Fasilitas superkomputer ini mencakup accelerated computing kelas enterprise, software AI, pretrained models, development frameworks, hingga program bimbingan teknis dan pelatihan industri.
Tak hanya itu, pusat ini akan menghubungkan talenta lokal dengan jaringan pakar global demi mendorong kolaborasi internasional.
President Director dan CEO Indosat Ooredoo Hutchison Vikram Sinha menyatakan komitmen perusahaan untuk memastikan pemerataan teknologi digital di tanah air.
"Di Indosat, kami percaya bahwa tidak boleh ada satu pun masyarakat Indonesia yang tertinggal di era AI. Melalui UGM Indosat NVAITC, kami menghadirkan teknologi dan keahlian AI global terbaik ke Indonesia," kata Vikram.
Vikram menambahkan, penguatan kesiapan AI bagi ekosistem peneliti, mahasiswa, hingga pelaku startup lokal diharapkan mampu memicu lahirnya inovasi ciptaan anak bangsa yang diakui dunia.
Senada dengan Vikram, Vice President of Solutions Architecture and Engineering NVIDIA Marc Hamilton melihat potensi besar pada komunitas pengembang dan inovator di Indonesia untuk membentuk masa depan AI global.
"Mulai dari sektor kesehatan dan pertanian hingga penanggulangan bencana, peluang bagi AI untuk membawa perubahan nyata sangatlah besar. NVIDIA berkomitmen membekali talenta Indonesia dengan model terbuka dan keahlian terdepan dunia," jelas Marc.

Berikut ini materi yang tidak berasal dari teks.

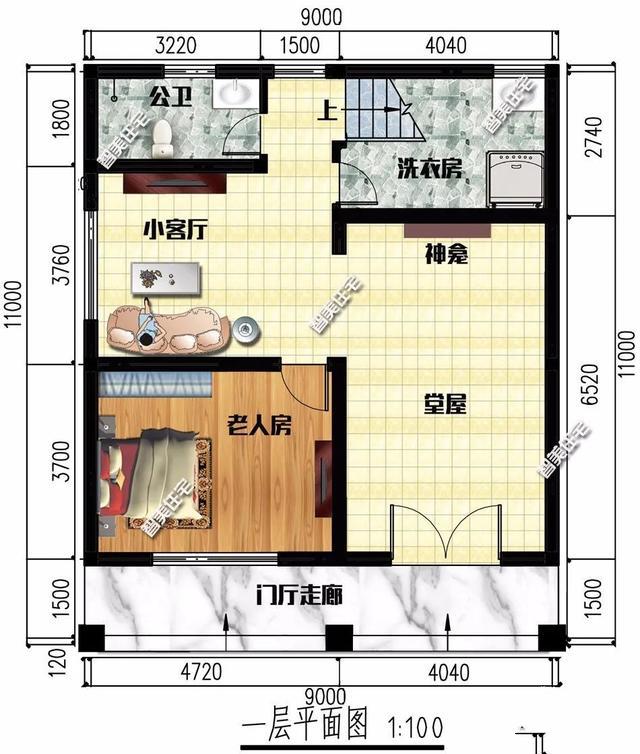 如果我家鄉(xiāng)的宅基地真的很小，那么我只能建一棟小別墅。下面兩棟農(nóng)村2層別墅，寬約9米，有3-4間室內(nèi)臥室。建設(shè)成本非常實用!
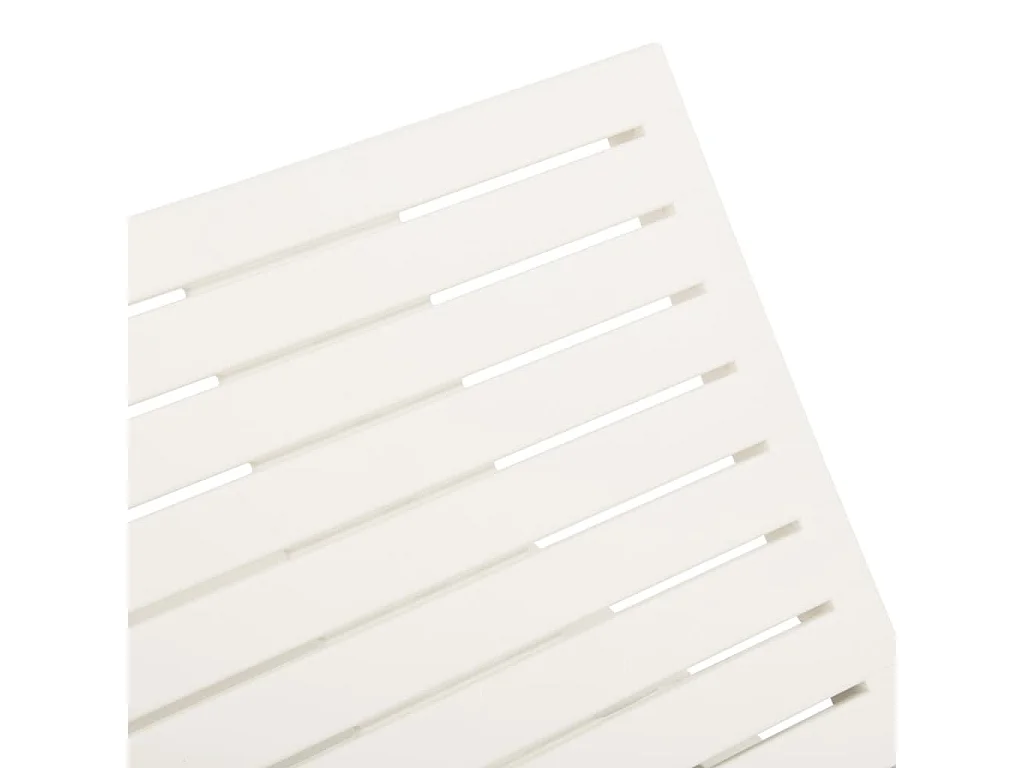 Sillón de plástico blanco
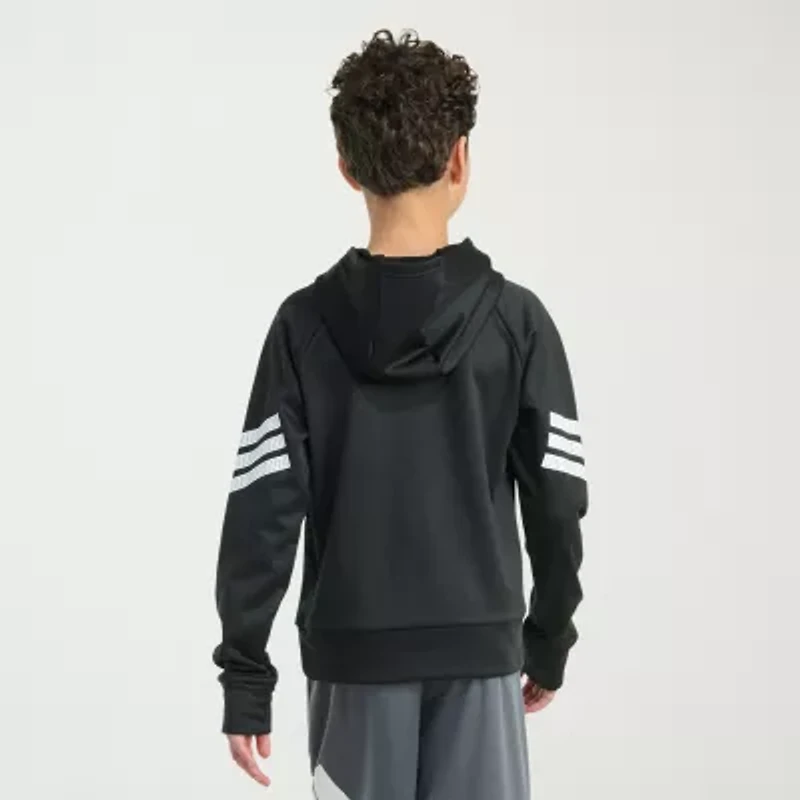 adidas Big Kid Boys Long Sleeve Fleece Active Hoodie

Berbekal riset multidisiplin dan himpunan data (dataset) lokal UGM, pusat teknologi ini langsung tancap gas menggarap sejumlah proyek strategis yang sejalan dengan prioritas nasional.
Pada tahap awal, fokus riset diarahkan pada tiga proyek utama:
1. eNose-TB: Teknologi skrining berbasis AI yang dirancang untuk mendukung penanggulangan penyakit tuberkulosis (TBC) di Indonesia secara cepat dan terjangkau.
2. SmartAgri: Sistem pertanian presisi yang memanfaatkan multimodal AI dan edge computing untuk menggenjot produktivitas serta ketahanan pangan di iklim tropis.
3. Tech4Disaster: Platform AI geospasial yang memperkuat kemampuan prediksi, mitigasi, serta penanganan bencana alam di Indonesia.
Rektor UGM Prof. dr. Ova Emilia, Ph.D., menyatakan bahwa langkah ini sejalan dengan komitmen universitas untuk melakukan hilirisasi riset yang berdampak langsung pada masyarakat.
"Melalui UGM Indosat NVAITC, kami memperluas akses terhadap infrastruktur AI canggih dan keahlian global bagi para mahasiswa dan peneliti. Inisiatif ini menyiapkan SDM yang mampu menghadapi masa depan," kata Ova.
Optimisme serupa diungkapkan oleh Dr. Dian Kesumapramudya Nurputra, Sp.A., Peneliti Utama Tim Riset eNose-TB UGM. Ia menilai infrastruktur berstandar dunia ini memangkas waktu riset secara signifikan.
"Langkah ini membawa kami semakin dekat pada mimpi besar untuk menghadirkan teknologi kesehatan yang terjangkau dan mudah diakses, demi meningkatkan kualitas hidup masyarakat di seluruh Indonesia," ungkap Dian.
Peresmian pusat teknologi ini merupakan buah dari komitmen panjang yang diinisiasi lewat tata kelola organisasi pada Juli 2025, dilanjutkan dengan penandatanganan Letter of Intent awal 2026, hingga akhirnya resmi beroperasi penuh demi membawa semangat #LebihBaikIndosat bagi digitalisasi Indonesia.